Our outlook is that this gradual firming will continue as the oil price gains will allow the government to ease fiscal policy while households and firms should respond with an increased willingness to spend and invest. This fiscal easing is on top of the USD20bn worth of private sector stimulus that the authorities announced at the end of 2017. That stimulus has not yet come through as the Q1 deficit narrowed and historically government spending picks up in the second half of the year. Adding to this will be higher oil output from Saudi Arabia to try to offset major outages in Veneuzuela and lower Iranian oil exports as a result of the re-imposition of international sanctions. Saudi Arabia has approximately 2 mb/d of spare capacity and market expectations are pointing to an output increase of 0.5-0.6 mb/d in the second half of the year for. Overall, we expect growth to rise to 2.0% in 2018, rebounding from recessionary territory of -0.9% in 2017.

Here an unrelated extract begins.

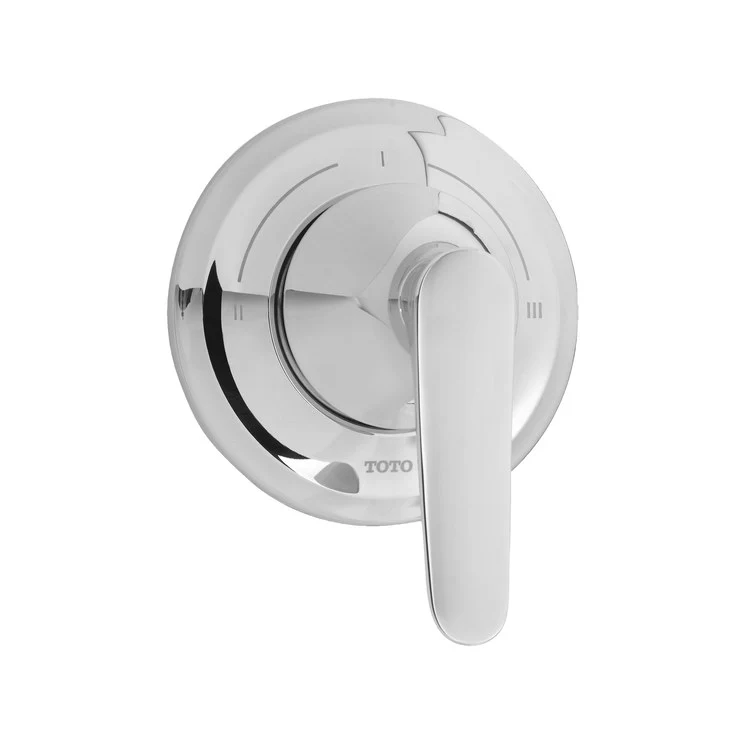 Wyeth Three-Function Diverter Trim - Frankwebs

UAE: Growth to rise to 1.8% in 2018, up from 0.8% in 2017

None of the emirates in the GCC have yet published their first quarter real GDP results but PMI data show the economy strengthening in a similar fashion to the Saudi economy. The non-oil PMI and a quarterly economic composite indicator released by the Central Bank reveal some weakness in the first quarter of the year, likely owing to VAT implementation. However, PMI data has accelerated since April, particularly in Dubai where the PMI rose from 57.1 in April to 64.1 in May and 61.4 in June. The UAE-wide PMI stands at 57.1 as of June compared to 55.1 in April.

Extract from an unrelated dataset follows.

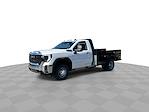 New 2026 GMC Sierra 3500 Regular Cab 60 CA Cab Chassis for sale #26T1355 - photo 4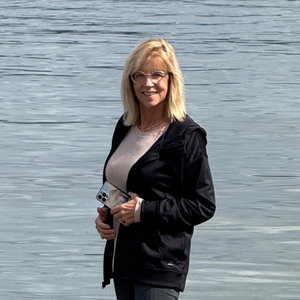 Edie Myer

Like Saudi Arabia, higher oil production, oil prices and fiscal stimulus should support growth in the UAE. Last month the central government announced a three-year USD13.6bn (3% of GDP) stimulus programme in June to boost growth. The stimulus included targeted measures to increase contracts to the private sector, create 10k new Emirati jobs and ease licensing requirements in some sectors. Moreover, in Dubai, the authorities have implemented their own pro-growth measures including waiving fees for the aviation sector, reducing fines on property registration and freezing private school fees. In addition, the UAE is one of the few other OPEC members with spare capacity and is also expected to increase oil production to offset declines from other members. Our outlook for the UAE is for growth to rise to 1.8% in 2018, up from 0.8% in 2017.

Qatar: Growth to rise to 2.4% in 2018, up from 1.6% in 2017

Qatar looks set to be the strongest growing country in the GCC in 2018. The blockade was a small drag on growth over the last year but the economy seems to be progressing nonetheless. Investment is going ahead in the run up to the World Cup in 2022 helping, to drive growth of around 4.9% in the non-hydrocarbon economy in Q1 2018 with growth likely to pick up further later in the year due to positive base effects (lower growth in Q2/Q3 2017 as a result of the blockade), higher oil prices and continued investment. The oil and gas sector remains a drag on the overall growth rate, contracting by 2.3% y/y in Q1 2018, although this should stabilise during the remainder of the year thanks to investment by Total in a new acreage and as LNG plants come back online following downtime for maintenance.

Qatar has recently begun to publish a PMI series which has shown relatively steady positive momentum so far during 2018, averaging 52.0. Qatar’s PMI remains lower than its neighbours even though growth is higher, suggesting that concerns about the blockade may still be hanging over the outlook for the economy. Nonetheless, we still expect growth to pick up to around 2.4% in 2018 on the continued strong performance in the non-hydrocarbon sector and as oil and gas production stabilises.